Personal information
- Full name: Virgilio Anastacio Teixeira
- Date of birth: 11 August 1973 (age 51)
- Place of birth: The Hague, Netherlands
- Height: 1.85 m (6 ft 1 in)
- Position(s): Centre-back

Team information
- Current team: Dordrecht (assistant)

Youth career
- GDS

Senior career*
- Years: Team / Apps / (Gls)
- 1992–1998: ADO Den Haag / 115 / (1)
- 1998–2007: RKC Waalwijk / 163 / (4)
- 2007–2008: ADO Den Haag / 32 / (3)
- 2009–2010: SVV Scheveningen

Managerial career
- 2014–2015: Brabant United (U15)
- 2015–2016: NEC (U17)
- 2016–2017: NEC (U19)
- 2017–2018: Netherlands U18 (assistant)
- 2017–2021: Jong ADO Den Haag
- 2018: Netherlands U20 (interim)
- 2019: ADO Den Haag (interim assistant)
- 2021–: Dordrecht (assistant)

= Virgilio Teixeira =

Dutch footballer

Virgilio Anastacio Teixeira (born 11 August 1973) is a retired Dutch footballer and current assistant coach of FC Dordrecht.

==Career==
Teixeira is a defender who was born in The Hague and made his debut in professional football, being part of the ADO Den Haag squad in the 1992–93 season.

In December 2008 he was one of four players released by ADO Den Haag, alongside Tim De Meersman, Robin Faber and Samir El Moussaoui.

==Post-retirement and coaching career==
After retiring, Teixeira worked as an account manager from September 2010 to July 2012 at Stadio in the Foot & Teamwear department. In April 2014, he coached regional youth academy Brabant United's U15s. In June 2015, he was appointed head coach of NEC Nijmegen's U17s and in the following season, the U19s.

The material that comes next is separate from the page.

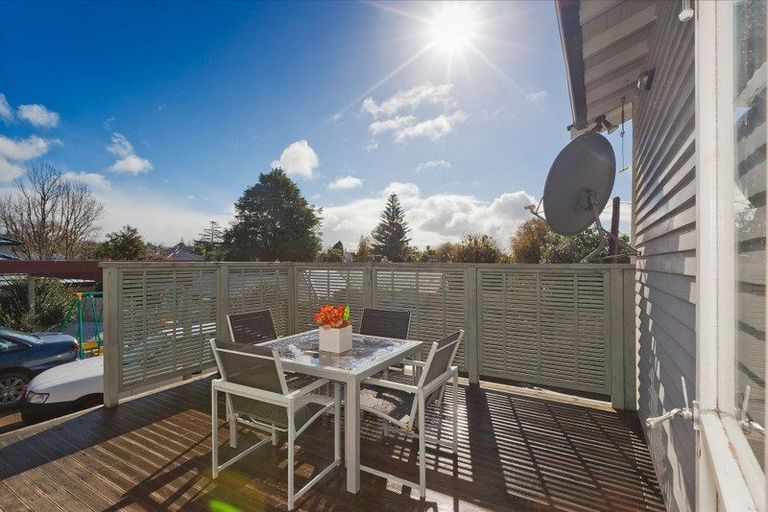 Photo of property in 12 Nikau Street, New Lynn, Auckland, 0600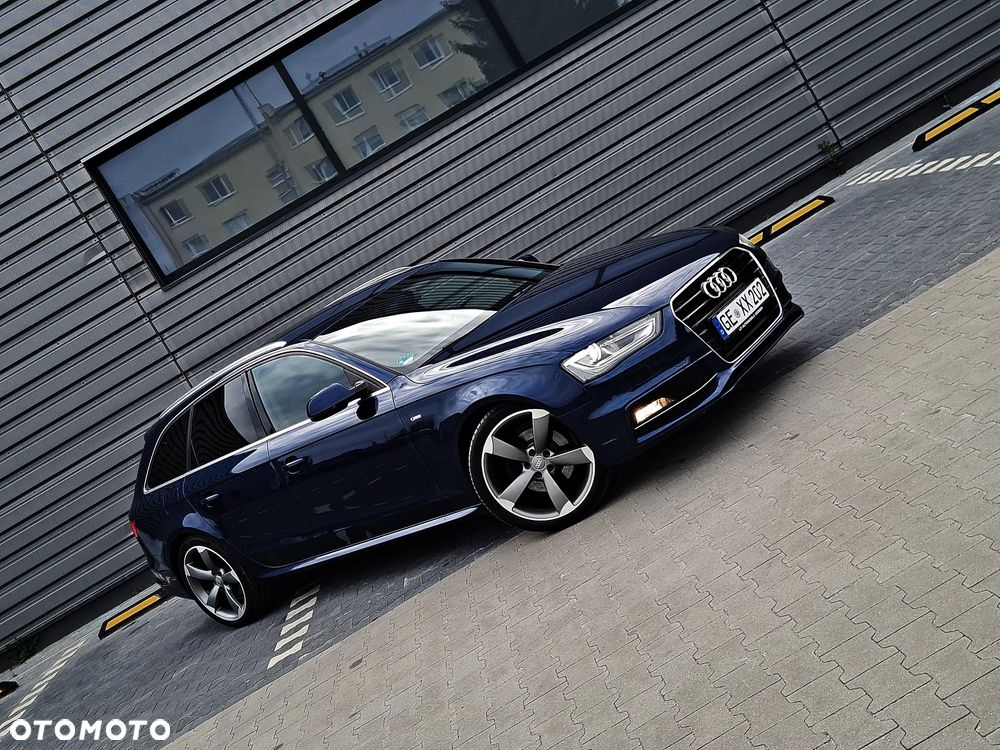 Audi A4 Avant 2.0 TDI DPF quattro S line Sportpaket - 5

In the summer 2017, he took charge of the Jong-team of ADO Den Haag. He was also appointed assistant manager to Bert Konterman at Netherlands U20 national team. In September 2018, Teixeira temporarily took charge of Netherlands U20s in a game against England U20, due to the death of Bert Konterman's father. Teixeira won the game 3-1.

In December 2019, still in charge of Jong ADO Den Haag, Teixeira was promoted to assistant manager of the first team on an interim basis, after Edwin de Graaf was fired one week after head coach Alfons Groenendijk had resigned. It lasted until 24 December 2019, when Alan Pardew was appointed new head coach and brought his own staff with him.

On 24 June 2021 it was confirmed, that Teixeira would leave ADO to join FC Dordrecht as an assistant coach to manager Michele Santoni.